WASHINGTON (NYTIMES) - A Republican senator who attended an immigration meeting last week at the White House forcefully denied on Sunday (Jan 14) that President Donald Trump had used the phrase "s***hole countries" in describing Haiti and African nations, saying a Democratic senator's account of the session was "a gross misrepresentation".
Senator David Perdue said on ABC's "This Week" that Trump "did not use that word," and accused Democratic senator Richard J. Durbin of distorting what the president had said at the meeting, which included more than a half-dozen lawmakers.
Republican senator Tom Cotton joined Perdue later in the morning in questioning Durbin.
"I didn't hear that word either," he said on CBS' "Face the Nation".
"And I was sitting no further away from Donald Trump than Dick Durbin was."
Cotton said Durbin "has a history of misrepresenting what happens in White House meetings," a comment that Perdue echoed in his interview Sunday morning.
Ben Marter, a spokesman for Durbin, immediately attacked their assertions.
"Credibility is something that's built by being consistently honest over time," Marter wrote on Twitter. "Senator Durbin has it. Senator Perdue does not. Ask anyone who's dealt with both."
The remarks by Perdue and Cotton were an escalation from a statement they released on Friday, when they said they did "not recall the president saying these comments specifically".
They also appear to conflict with the account of Republican senator Lindsey Graham who was at the meeting.
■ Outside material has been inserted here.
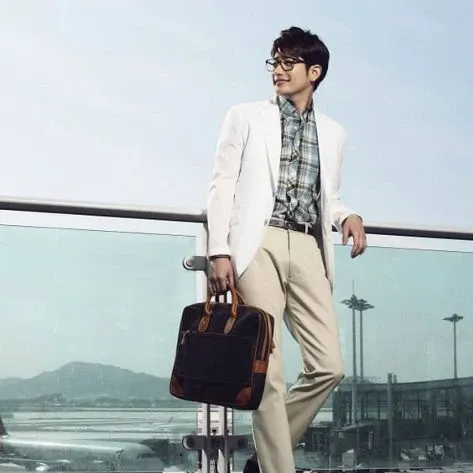 A moment captured by a fan of Park Sihoo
Graham told a fellow South Carolina Republican, Seator Tim Scott, that reports in the news media of Trump's language were "basically accurate".
The other lawmakers at the meeting, all Republicans, have either not discussed it publicly or made only vague comments.
Homeland Security Secretary Kirstjen Nielsen, who also sat in on the meeting, said on "Fox News Sunday" that she could not recall the president "saying that exact phrase".
Durbin had told reporters on Friday that Trump had used the word "s***hole" several times in front of the group during a discussion of a proposed bipartisan deal on immigration, and had said "things which were hate-filled, vile and racist".